- [What you should do]:
The material below is to be copied exactly from the line with "New 2026 Subaru" up to and including the line with "Одеялко детское (72*94)", with nothing else kept and no pictures.

- [Given information]:
--- START ---
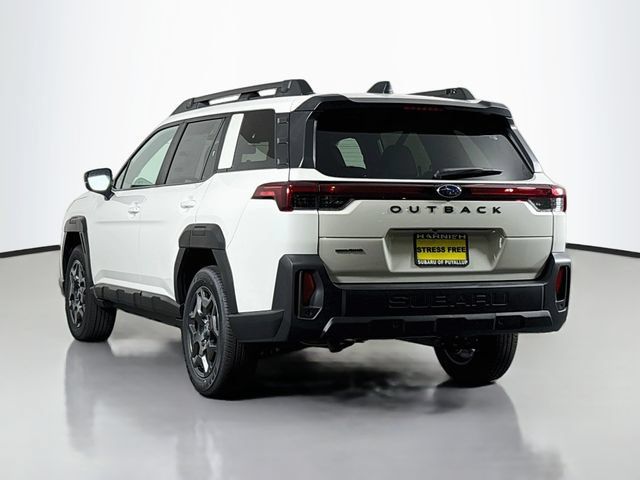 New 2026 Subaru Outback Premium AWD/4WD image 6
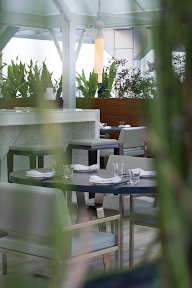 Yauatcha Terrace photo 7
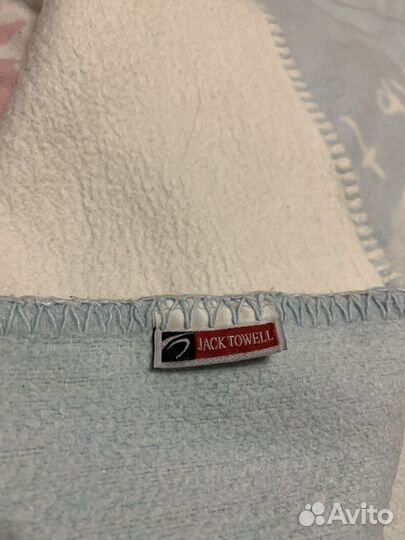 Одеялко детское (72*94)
--- END ---
--- START ---
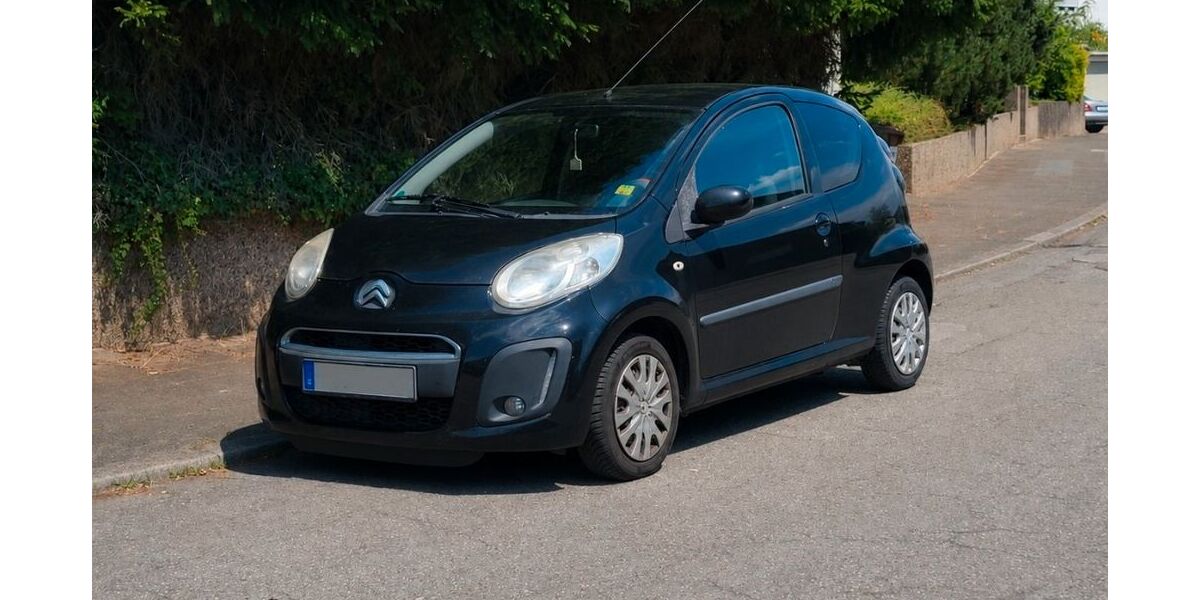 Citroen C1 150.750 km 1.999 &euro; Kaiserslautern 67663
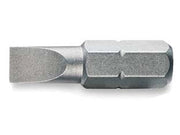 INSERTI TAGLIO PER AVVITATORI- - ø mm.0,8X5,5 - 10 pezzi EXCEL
--- END ---
- [Task solution]:
 New 2026 Subaru Outback Premium AWD/4WD image 6
 Yauatcha Terrace photo 7
 Одеялко детское (72*94)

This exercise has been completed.